| What needs to be done |
Every line below from the one containing "고교전설 200화 본격 해부 17" through the one containing "022 衣服都穿不好23" must be transcribed exactly. Omit all lines outside that stretch.

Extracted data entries
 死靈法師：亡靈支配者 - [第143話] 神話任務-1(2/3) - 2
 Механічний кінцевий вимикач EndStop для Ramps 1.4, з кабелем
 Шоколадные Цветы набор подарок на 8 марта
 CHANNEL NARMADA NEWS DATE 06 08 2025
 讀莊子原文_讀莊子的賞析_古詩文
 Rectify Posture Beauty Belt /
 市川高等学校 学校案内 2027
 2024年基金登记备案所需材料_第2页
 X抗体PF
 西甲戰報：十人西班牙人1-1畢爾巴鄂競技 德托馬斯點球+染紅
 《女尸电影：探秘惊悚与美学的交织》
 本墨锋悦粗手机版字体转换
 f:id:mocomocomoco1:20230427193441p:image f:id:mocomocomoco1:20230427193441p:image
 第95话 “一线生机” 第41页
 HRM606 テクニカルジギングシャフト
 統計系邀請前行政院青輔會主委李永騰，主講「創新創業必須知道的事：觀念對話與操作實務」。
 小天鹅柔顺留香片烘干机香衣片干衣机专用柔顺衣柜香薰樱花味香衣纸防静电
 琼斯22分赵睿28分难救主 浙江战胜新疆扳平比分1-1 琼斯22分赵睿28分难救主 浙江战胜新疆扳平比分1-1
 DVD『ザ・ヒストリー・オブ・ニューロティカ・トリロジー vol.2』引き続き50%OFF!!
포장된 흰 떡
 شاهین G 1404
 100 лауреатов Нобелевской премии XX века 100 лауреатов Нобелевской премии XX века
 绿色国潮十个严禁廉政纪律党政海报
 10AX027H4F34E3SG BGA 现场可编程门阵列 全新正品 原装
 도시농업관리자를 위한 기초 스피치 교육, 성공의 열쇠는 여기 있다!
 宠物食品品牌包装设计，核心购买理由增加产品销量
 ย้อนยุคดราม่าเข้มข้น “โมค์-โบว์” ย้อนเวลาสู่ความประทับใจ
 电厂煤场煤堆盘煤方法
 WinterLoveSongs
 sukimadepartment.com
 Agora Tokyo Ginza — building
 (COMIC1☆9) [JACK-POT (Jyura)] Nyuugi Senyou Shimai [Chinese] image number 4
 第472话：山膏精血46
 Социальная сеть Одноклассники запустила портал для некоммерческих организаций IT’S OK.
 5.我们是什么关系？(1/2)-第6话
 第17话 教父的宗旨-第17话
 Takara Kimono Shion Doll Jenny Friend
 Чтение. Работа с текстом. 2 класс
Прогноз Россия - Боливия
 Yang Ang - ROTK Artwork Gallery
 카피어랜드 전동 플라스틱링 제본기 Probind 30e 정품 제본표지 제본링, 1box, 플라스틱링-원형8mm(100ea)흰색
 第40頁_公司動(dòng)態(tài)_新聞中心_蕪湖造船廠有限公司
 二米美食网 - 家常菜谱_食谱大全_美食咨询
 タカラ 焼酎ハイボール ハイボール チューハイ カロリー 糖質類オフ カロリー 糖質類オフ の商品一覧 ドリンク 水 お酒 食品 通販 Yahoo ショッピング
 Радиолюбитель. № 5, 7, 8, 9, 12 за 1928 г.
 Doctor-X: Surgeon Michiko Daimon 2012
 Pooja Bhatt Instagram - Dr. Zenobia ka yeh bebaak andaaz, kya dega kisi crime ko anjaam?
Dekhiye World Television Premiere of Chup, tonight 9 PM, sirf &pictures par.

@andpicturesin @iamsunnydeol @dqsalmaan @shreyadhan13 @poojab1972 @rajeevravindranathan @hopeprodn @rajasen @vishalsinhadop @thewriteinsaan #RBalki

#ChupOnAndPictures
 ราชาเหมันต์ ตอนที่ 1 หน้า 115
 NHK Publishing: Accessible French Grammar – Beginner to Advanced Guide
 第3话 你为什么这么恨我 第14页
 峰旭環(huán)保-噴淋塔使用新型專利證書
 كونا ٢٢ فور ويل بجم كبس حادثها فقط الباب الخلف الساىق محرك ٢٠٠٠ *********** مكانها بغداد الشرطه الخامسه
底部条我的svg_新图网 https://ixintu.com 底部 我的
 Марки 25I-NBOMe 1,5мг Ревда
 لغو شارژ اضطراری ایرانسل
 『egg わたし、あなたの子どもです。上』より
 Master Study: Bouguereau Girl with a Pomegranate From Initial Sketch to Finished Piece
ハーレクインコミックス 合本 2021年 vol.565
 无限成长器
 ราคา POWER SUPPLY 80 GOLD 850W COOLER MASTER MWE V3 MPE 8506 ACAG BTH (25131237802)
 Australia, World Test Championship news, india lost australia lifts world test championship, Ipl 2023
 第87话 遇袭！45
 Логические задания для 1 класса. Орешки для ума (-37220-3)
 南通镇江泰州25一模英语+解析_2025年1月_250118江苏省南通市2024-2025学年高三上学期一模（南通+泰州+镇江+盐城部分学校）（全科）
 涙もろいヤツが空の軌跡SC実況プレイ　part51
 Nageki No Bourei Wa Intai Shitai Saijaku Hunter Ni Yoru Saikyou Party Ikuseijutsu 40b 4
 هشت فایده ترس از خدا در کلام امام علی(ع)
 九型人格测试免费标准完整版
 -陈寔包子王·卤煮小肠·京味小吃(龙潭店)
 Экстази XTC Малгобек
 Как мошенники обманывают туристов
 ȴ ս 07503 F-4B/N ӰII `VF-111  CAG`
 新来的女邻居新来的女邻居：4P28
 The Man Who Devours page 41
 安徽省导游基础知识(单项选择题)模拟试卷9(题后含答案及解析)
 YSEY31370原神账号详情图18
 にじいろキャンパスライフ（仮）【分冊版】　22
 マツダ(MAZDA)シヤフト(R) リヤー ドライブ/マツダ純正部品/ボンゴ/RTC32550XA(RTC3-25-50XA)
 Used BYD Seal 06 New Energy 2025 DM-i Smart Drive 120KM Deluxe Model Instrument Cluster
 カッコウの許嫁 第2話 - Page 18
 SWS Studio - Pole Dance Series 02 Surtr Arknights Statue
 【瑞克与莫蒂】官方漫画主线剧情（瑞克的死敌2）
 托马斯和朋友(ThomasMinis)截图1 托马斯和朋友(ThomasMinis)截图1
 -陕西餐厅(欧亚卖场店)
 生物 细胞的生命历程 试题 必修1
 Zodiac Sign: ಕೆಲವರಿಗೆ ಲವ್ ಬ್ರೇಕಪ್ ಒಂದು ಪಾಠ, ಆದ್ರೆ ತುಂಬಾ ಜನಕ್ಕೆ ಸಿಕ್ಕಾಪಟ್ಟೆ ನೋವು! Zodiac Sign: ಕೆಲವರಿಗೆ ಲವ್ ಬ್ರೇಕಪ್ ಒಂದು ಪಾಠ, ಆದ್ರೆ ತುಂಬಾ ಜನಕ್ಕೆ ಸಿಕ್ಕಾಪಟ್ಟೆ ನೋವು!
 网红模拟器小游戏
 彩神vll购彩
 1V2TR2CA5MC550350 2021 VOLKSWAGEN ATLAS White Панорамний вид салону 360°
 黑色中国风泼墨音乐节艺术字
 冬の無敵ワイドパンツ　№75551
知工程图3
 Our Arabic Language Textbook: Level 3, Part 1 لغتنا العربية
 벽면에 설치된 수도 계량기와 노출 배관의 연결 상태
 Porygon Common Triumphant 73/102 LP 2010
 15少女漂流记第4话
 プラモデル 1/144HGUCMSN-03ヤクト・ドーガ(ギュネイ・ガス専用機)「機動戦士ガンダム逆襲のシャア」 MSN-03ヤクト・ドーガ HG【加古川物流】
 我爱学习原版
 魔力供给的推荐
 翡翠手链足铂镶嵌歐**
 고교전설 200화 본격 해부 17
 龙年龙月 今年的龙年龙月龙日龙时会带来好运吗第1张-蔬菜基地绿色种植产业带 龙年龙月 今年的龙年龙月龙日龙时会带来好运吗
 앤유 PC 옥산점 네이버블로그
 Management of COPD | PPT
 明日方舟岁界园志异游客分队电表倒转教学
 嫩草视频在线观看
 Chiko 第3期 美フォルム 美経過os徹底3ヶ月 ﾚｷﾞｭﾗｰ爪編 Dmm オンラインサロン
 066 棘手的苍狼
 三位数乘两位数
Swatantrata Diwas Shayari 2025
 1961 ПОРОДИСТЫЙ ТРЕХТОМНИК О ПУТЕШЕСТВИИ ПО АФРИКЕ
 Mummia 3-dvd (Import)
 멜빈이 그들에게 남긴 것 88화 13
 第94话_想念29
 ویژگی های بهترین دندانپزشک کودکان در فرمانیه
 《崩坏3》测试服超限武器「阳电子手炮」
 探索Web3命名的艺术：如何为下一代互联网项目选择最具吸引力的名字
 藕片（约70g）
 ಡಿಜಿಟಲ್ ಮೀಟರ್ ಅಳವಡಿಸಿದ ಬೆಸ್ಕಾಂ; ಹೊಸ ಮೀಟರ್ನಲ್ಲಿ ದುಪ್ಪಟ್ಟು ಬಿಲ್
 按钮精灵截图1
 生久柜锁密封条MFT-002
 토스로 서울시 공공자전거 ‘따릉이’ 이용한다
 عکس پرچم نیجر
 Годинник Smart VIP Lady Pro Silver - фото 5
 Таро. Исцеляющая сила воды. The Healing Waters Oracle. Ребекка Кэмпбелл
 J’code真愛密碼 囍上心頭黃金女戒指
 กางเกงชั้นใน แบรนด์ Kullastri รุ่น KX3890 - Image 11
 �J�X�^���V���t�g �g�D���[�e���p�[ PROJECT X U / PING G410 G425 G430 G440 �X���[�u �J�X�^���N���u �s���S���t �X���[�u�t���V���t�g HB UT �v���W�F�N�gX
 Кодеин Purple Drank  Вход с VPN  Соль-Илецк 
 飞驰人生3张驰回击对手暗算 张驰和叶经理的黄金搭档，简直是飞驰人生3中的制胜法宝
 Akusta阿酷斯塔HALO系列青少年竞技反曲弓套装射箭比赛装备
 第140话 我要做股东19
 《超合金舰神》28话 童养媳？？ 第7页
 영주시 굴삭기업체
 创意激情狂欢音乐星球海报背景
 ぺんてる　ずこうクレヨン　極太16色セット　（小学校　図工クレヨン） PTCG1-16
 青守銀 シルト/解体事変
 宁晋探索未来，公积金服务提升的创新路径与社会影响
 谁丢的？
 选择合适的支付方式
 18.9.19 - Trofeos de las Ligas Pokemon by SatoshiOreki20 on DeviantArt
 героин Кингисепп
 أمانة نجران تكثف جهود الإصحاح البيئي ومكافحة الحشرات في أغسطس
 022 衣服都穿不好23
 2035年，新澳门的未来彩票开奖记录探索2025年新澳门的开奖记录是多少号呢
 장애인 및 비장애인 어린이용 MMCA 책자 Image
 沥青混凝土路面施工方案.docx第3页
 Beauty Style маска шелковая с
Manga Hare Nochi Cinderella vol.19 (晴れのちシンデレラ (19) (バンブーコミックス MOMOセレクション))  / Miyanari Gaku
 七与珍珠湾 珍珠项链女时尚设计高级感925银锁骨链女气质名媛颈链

| Solved exercise |
 고교전설 200화 본격 해부 17
 龙年龙月 今年的龙年龙月龙日龙时会带来好运吗第1张-蔬菜基地绿色种植产业带 龙年龙月 今年的龙年龙月龙日龙时会带来好运吗
 앤유 PC 옥산점 네이버블로그
 Management of COPD | PPT
 明日方舟岁界园志异游客分队电表倒转教学
 嫩草视频在线观看
 Chiko 第3期 美フォルム 美経過os徹底3ヶ月 ﾚｷﾞｭﾗｰ爪編 Dmm オンラインサロン
 066 棘手的苍狼
 三位数乘两位数
Swatantrata Diwas Shayari 2025
 1961 ПОРОДИСТЫЙ ТРЕХТОМНИК О ПУТЕШЕСТВИИ ПО АФРИКЕ
 Mummia 3-dvd (Import)
 멜빈이 그들에게 남긴 것 88화 13
 第94话_想念29
 ویژگی های بهترین دندانپزشک کودکان در فرمانیه
 《崩坏3》测试服超限武器「阳电子手炮」
 探索Web3命名的艺术：如何为下一代互联网项目选择最具吸引力的名字
 藕片（约70g）
 ಡಿಜಿಟಲ್ ಮೀಟರ್ ಅಳವಡಿಸಿದ ಬೆಸ್ಕಾಂ; ಹೊಸ ಮೀಟರ್ನಲ್ಲಿ ದುಪ್ಪಟ್ಟು ಬಿಲ್
 按钮精灵截图1
 生久柜锁密封条MFT-002
 토스로 서울시 공공자전거 ‘따릉이’ 이용한다
 عکس پرچم نیجر
 Годинник Smart VIP Lady Pro Silver - фото 5
 Таро. Исцеляющая сила воды. The Healing Waters Oracle. Ребекка Кэмпбелл
 J’code真愛密碼 囍上心頭黃金女戒指
 กางเกงชั้นใน แบรนด์ Kullastri รุ่น KX3890 - Image 11
 �J�X�^���V���t�g �g�D���[�e���p�[ PROJECT X U / PING G410 G425 G430 G440 �X���[�u �J�X�^���N���u �s���S���t �X���[�u�t���V���t�g HB UT �v���W�F�N�gX
 Кодеин Purple Drank  Вход с VPN  Соль-Илецк 
 飞驰人生3张驰回击对手暗算 张驰和叶经理的黄金搭档，简直是飞驰人生3中的制胜法宝
 Akusta阿酷斯塔HALO系列青少年竞技反曲弓套装射箭比赛装备
 第140话 我要做股东19
 《超合金舰神》28话 童养媳？？ 第7页
 영주시 굴삭기업체
 创意激情狂欢音乐星球海报背景
 ぺんてる　ずこうクレヨン　極太16色セット　（小学校　図工クレヨン） PTCG1-16
 青守銀 シルト/解体事変
 宁晋探索未来，公积金服务提升的创新路径与社会影响
 谁丢的？
 选择合适的支付方式
 18.9.19 - Trofeos de las Ligas Pokemon by SatoshiOreki20 on DeviantArt
 героин Кингисепп
 أمانة نجران تكثف جهود الإصحاح البيئي ومكافحة الحشرات في أغسطس
 022 衣服都穿不好23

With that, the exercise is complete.